Como máquinas de leer, la clase estaba llena de cuellos encorvados. Pasábamos la página al unísono, subrayábamos las palabras que nos decían que subrayáramos... La única forma de distinguirnos era en nuestra preferencia en el color del subrayador, una gama de fluorescentes que saltaban de la página como un regreso a los ochenta. El único motivo por el que no nos quedábamos dormidos era por el miedo de tener que leer en alto, y habernos quedado tres páginas atrás. Aún así, nada superaba al terror del propio leer en alto. La voluntad de no equivocarse era tanta que una página leída era una página perdida. Las palabras saltaban de la página a la lengua, y el cerebro no se enteraba de nada. Recitábamos las mejores páginas de los mejores autores en ese tono gris en el que se rezan los Padrenuestros los domingos.
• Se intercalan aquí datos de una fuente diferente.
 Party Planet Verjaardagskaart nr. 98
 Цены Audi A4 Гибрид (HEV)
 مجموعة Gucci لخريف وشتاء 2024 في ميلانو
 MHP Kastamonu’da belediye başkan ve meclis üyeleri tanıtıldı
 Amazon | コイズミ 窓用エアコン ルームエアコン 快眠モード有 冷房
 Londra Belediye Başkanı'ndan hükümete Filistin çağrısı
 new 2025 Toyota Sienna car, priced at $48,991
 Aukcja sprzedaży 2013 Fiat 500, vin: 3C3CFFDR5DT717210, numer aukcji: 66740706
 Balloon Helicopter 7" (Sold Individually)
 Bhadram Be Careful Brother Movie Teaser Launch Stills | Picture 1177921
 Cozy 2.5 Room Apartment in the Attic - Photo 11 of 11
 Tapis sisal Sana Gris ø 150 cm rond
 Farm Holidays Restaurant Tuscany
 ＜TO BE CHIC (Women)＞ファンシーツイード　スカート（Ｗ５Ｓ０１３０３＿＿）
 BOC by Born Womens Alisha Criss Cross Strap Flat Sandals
Por aquel entonces, una vez a la semana en clase de inglés, nos bajaban a la biblioteca a buscar algo que leer, y a sentarnos en una alfombra polvorienta para contar al resto de la clase lo que habíamos leído la semana anterior. Aun siendo el único momento de la semana en el que se pedía que expresáramos alguna emoción, hacíamos la tarea con la apatía que caracteriza a un grupo de pequeños adolescentes, más preocupados por su estatus social que por mostrar algún sentimiento.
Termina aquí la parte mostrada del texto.